The idea is to detect a collision into an object by testing if a dynamic object's trajectory has passed thru a polygon of the object.
In the above illustration, the blue vector is the trajectory of the dynamic object (Dyna) which has passed thru the polygon of another object. In one stride, one point on the trajectory faces the polygon but a further point doesn't. The orange vector is the polygon's 3D normal vector.
The Dyna passing thru (colliding into) a polygon can be detected by two conditions:
In this illustration, the vertexs of an object have been transformed into the Dyna's local space. This is like the perspective of a first-person view -- but from the viewpoint of the Dyna rather than the Eye. Notice that one triangle encloses the Dyna's origin in the XY plane (in 2D, the Dyna's origin is in the interior of a polygon).
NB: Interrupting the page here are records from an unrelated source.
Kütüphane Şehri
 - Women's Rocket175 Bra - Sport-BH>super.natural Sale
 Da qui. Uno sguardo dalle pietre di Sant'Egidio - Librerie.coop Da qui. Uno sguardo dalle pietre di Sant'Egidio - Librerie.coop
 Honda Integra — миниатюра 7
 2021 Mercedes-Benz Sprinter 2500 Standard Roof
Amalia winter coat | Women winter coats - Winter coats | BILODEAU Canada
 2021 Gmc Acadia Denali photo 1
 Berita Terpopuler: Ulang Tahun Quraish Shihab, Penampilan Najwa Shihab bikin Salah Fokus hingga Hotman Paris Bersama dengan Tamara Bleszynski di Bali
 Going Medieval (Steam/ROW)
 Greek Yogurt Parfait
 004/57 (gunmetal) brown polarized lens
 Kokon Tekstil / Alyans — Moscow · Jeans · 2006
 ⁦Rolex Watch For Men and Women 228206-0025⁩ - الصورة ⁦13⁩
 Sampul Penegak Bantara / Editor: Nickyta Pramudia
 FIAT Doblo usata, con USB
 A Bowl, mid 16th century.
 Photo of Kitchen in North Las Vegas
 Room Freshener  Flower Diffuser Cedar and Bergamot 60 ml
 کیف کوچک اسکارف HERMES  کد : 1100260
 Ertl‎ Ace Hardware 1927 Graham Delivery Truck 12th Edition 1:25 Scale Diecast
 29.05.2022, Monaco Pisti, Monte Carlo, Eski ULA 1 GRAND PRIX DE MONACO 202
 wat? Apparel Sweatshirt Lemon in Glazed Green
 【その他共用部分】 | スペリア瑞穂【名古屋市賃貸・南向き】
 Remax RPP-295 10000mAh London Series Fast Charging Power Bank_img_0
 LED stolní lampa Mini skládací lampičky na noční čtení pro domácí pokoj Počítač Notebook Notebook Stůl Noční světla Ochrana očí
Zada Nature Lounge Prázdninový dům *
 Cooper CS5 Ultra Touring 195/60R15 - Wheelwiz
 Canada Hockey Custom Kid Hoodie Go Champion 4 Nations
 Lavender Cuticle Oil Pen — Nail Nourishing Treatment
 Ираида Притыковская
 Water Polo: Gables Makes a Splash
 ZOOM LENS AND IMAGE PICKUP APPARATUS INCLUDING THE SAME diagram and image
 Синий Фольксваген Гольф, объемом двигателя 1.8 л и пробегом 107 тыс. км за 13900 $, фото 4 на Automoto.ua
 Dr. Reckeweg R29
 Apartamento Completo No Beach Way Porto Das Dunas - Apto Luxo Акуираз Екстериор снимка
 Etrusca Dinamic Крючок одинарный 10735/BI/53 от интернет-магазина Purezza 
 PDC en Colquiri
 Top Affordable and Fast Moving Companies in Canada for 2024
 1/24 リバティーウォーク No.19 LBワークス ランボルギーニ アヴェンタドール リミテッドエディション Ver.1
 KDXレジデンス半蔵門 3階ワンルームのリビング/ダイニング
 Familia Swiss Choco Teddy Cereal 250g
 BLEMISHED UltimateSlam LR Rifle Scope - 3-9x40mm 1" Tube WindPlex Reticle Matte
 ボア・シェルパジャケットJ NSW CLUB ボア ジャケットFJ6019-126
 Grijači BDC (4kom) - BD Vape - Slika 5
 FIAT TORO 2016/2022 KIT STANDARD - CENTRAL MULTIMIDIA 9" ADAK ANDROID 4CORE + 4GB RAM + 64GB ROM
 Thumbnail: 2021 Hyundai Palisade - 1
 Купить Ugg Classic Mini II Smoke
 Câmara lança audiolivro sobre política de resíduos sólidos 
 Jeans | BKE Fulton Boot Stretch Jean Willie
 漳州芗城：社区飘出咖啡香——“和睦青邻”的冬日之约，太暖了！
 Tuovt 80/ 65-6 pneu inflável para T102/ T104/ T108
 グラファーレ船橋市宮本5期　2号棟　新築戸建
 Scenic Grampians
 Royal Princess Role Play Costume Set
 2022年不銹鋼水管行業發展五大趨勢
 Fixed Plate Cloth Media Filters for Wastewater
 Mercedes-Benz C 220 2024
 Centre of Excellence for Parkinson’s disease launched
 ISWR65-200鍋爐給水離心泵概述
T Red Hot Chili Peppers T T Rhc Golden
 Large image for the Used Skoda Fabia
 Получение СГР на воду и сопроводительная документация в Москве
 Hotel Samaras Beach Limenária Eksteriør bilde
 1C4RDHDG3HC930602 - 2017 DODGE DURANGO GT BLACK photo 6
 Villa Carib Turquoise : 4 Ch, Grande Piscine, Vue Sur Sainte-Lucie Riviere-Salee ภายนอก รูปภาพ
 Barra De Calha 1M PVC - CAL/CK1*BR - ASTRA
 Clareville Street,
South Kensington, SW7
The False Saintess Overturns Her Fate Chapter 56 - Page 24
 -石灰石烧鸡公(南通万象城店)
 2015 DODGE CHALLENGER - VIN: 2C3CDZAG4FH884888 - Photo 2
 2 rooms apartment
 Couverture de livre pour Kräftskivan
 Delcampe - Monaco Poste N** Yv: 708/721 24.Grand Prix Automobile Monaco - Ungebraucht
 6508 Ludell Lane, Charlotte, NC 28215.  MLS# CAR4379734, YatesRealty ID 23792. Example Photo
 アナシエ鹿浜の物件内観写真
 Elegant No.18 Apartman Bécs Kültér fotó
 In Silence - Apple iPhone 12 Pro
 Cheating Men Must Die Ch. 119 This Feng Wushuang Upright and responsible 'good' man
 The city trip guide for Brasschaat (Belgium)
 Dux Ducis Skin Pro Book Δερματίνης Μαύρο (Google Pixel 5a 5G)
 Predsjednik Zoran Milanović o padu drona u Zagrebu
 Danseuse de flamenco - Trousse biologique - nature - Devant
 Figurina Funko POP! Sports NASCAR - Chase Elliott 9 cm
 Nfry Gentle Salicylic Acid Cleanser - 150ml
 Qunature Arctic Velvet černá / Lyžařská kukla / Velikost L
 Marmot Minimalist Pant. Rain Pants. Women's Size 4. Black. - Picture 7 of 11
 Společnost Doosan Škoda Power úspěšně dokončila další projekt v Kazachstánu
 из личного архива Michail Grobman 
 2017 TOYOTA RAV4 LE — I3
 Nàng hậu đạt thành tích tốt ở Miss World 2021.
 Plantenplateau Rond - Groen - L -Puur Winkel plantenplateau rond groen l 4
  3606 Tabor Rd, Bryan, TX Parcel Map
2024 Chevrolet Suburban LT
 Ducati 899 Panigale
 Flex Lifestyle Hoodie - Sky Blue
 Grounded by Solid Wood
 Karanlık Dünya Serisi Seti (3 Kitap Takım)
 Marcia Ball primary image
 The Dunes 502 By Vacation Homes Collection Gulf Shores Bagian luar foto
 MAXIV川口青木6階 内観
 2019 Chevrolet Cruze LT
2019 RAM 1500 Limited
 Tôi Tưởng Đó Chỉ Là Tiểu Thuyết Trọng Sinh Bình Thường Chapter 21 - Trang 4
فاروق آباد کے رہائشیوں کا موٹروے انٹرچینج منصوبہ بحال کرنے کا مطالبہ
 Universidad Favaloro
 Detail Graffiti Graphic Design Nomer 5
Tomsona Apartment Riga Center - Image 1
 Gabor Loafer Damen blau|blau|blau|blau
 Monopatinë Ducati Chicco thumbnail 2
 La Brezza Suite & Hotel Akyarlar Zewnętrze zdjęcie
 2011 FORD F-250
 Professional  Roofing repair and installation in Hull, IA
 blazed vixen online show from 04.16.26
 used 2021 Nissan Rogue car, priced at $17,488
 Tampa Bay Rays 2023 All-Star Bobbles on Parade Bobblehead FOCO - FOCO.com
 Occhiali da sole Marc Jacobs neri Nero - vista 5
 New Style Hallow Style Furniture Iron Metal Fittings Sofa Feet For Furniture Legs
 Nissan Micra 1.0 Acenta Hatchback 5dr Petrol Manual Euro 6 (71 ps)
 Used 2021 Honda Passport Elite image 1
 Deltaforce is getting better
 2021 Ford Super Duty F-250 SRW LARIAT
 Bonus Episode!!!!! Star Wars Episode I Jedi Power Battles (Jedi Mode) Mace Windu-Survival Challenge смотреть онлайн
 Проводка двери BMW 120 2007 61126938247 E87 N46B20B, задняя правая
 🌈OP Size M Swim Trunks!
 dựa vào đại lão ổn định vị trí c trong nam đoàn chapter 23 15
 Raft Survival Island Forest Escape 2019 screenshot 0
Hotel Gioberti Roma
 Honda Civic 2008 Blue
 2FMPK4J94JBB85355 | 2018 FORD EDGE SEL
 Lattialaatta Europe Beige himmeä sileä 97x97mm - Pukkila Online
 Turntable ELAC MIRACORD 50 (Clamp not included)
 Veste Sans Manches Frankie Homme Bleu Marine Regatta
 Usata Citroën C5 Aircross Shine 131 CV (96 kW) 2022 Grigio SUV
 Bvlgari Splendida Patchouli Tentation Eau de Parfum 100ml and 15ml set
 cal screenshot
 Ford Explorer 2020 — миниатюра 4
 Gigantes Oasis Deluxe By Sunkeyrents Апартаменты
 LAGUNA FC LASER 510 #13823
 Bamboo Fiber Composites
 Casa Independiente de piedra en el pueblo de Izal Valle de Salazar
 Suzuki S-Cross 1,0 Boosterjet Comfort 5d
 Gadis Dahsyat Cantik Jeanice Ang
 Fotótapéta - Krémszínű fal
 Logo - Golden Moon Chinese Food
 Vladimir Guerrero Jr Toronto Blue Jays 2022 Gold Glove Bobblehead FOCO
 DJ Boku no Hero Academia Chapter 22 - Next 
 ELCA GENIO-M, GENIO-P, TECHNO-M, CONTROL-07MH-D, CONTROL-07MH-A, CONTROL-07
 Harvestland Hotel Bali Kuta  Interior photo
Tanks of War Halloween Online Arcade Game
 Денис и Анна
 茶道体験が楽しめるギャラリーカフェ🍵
The Dyna is moving towards that triangle and might pass thru it (collide). Although the illustration is 2D, a project calculation isn't implied, rather, 3D transformation of (X,Y) without Z will suffice.
The prior idea would've tested if a 2D point (the Dyna origin) lies in the interior of a polygon by calculating 2D normal vectors and dot products with them and the Dyna's origin. A simpler and more practical alternative, which eliminates those calculations, is to turn 2D polygons into 2D squares. The problem of polygon interior testing then becomes a 2D clipping problem. The latter is easier to solve and implement.
A 2D square that encloses a polygon equals its pair of min/max (X,Y) coordinates. By turning a polygon into a square, to polygon interior test becames easy and fast: the origin is in the interior if the signs of the min coordiante is (-,-) and the the max one is (+,+).
Shown is a polygon that would be a part of mesh of other polygons (not shown).
Once an object has passed the approximate collision-detection tests (radius method, slice method), this polygon-interior test is reached (this is the final test that is "exact"). Since this test is based on determining if the Dyna object was-facing-then-isn't-facing, current and previous states are needed. Each state is an array of booleans, correlating to every polygon, and true if the Dyna was facing that polygon. The first time there is a transition from a last approximate test to this test, allocate two boolean arrays, compute one, then return. If the next frame also transitions, swap the arrays, compute the other. Now that both states are available, test for the transition of the Dyna from facing-to-not-facing. When a polygon is found that isn't facing the Dyna, check the previous array if the polygon was facing. If it was, transform the polygon's vertexs to Dyna space. If the polygon, when turned into a 2D square (as described earlier), encloses the Dyna origin, return that a collision was detected. To support multiple views, the pair of boolean arrays (and frame count) should be per-view.